[AVAILABLE RECORDS — start]

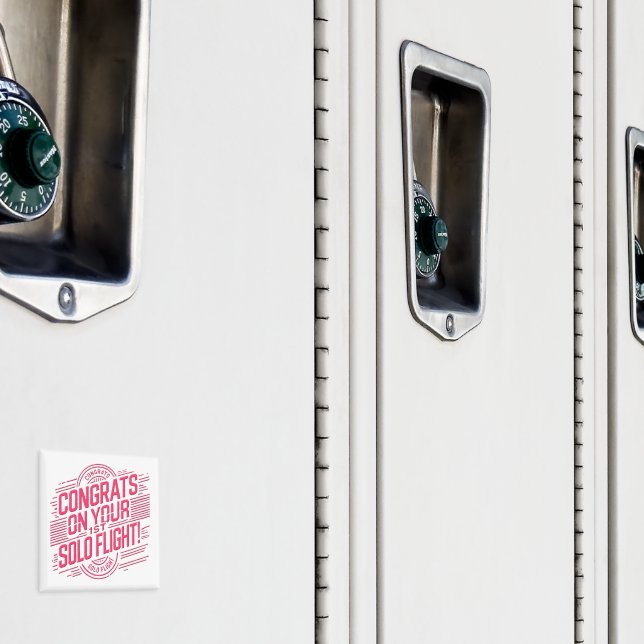 Íman Parabéns pelo seu voo Solo de 1rua (In Situ (Locker))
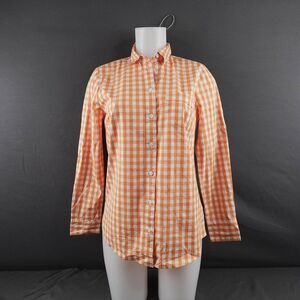 J Crew Women Top XS Yellow Gingham Preppy Y2K Retro Oversize Cottage Core NEW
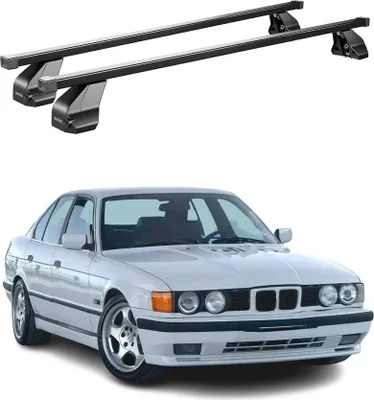 Obrázok produktu pre Priečniky Menabo pre BMW radu 5 E39 Sedan 1995-2003 nerezová oceľ Čierna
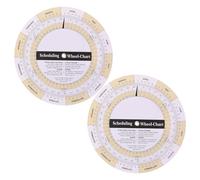 TOYANDONA Calendrier De Grossesse Portable 2 Pièces, Semaine Par Semaine, Pour Médecins, Infirmières Et Sages-Femmes. Compte À Rotatif Et Petite Calculatrice De Poche.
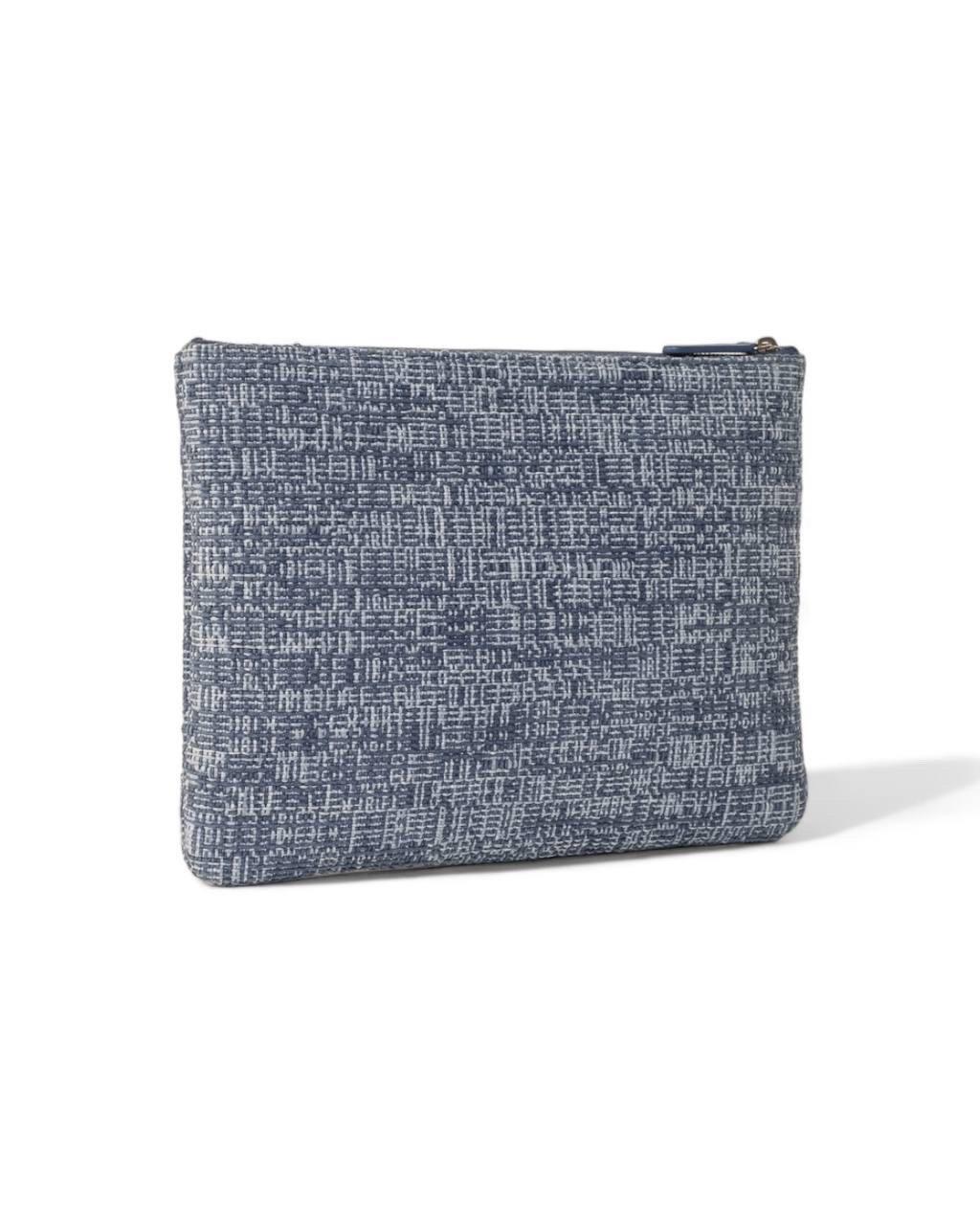 Borsa  a Mano Chanel Clutch Deauville PM Azzurra For Sale 1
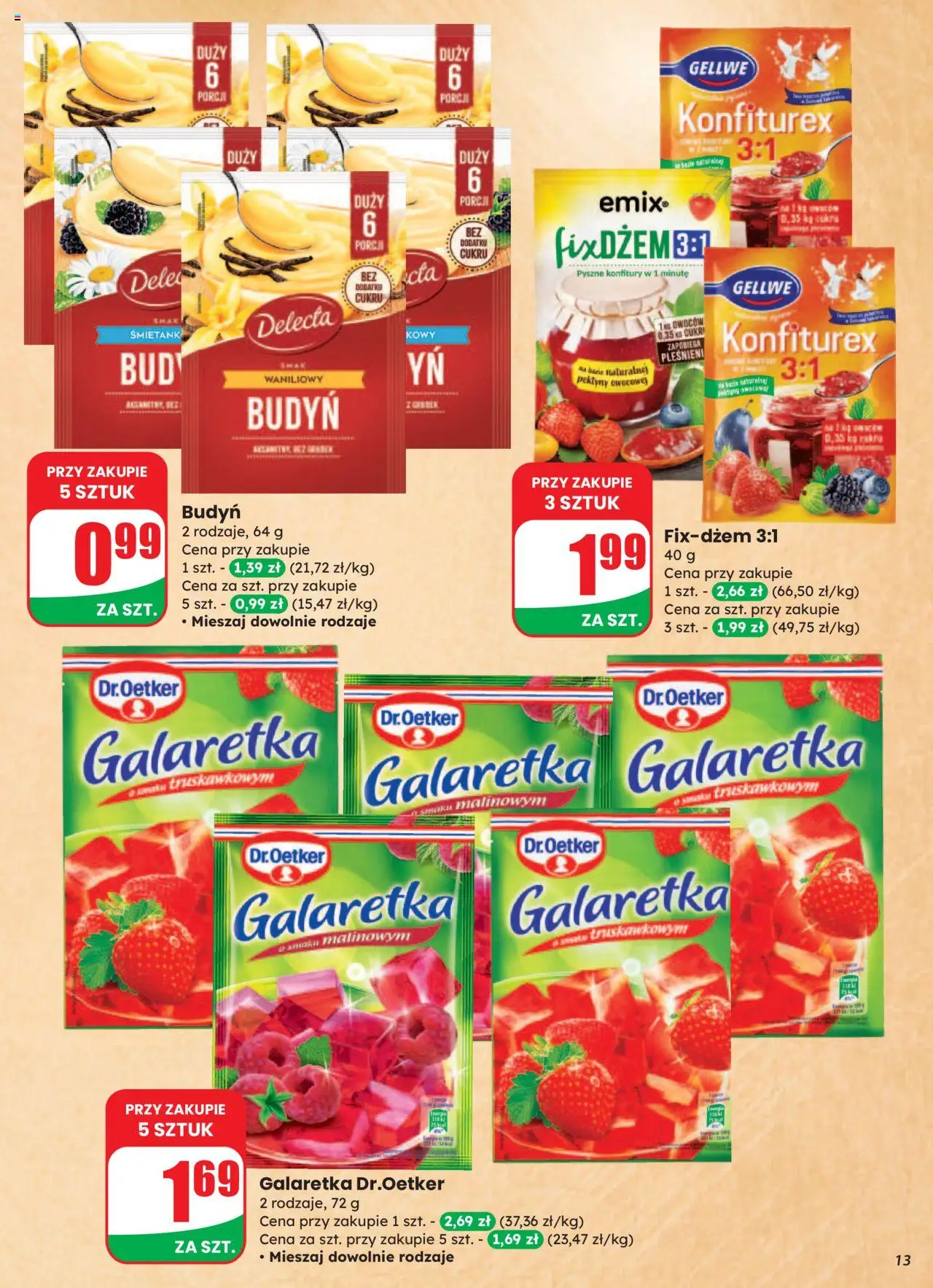 Dino Gazetka od 06.08.2025 | Strona: 13 | Produkty: Galaretka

[AVAILABLE RECORDS — finish]

TASK REQUIREMENTS =>
Restate all entries exactly; pictures stay out.

WRITTEN RESPONSE =>
 Íman Parabéns pelo seu voo Solo de 1rua (In Situ (Locker))
 J Crew Women Top XS Yellow Gingham Preppy Y2K Retro Oversize Cottage Core NEW
 Obrázok produktu pre Priečniky Menabo pre BMW radu 5 E39 Sedan 1995-2003 nerezová oceľ Čierna
 TOYANDONA Calendrier De Grossesse Portable 2 Pièces, Semaine Par Semaine, Pour Médecins, Infirmières Et Sages-Femmes. Compte À Rotatif Et Petite Calculatrice De Poche.
 Borsa  a Mano Chanel Clutch Deauville PM Azzurra For Sale 1
 Dino Gazetka od 06.08.2025 | Strona: 13 | Produkty: Galaretka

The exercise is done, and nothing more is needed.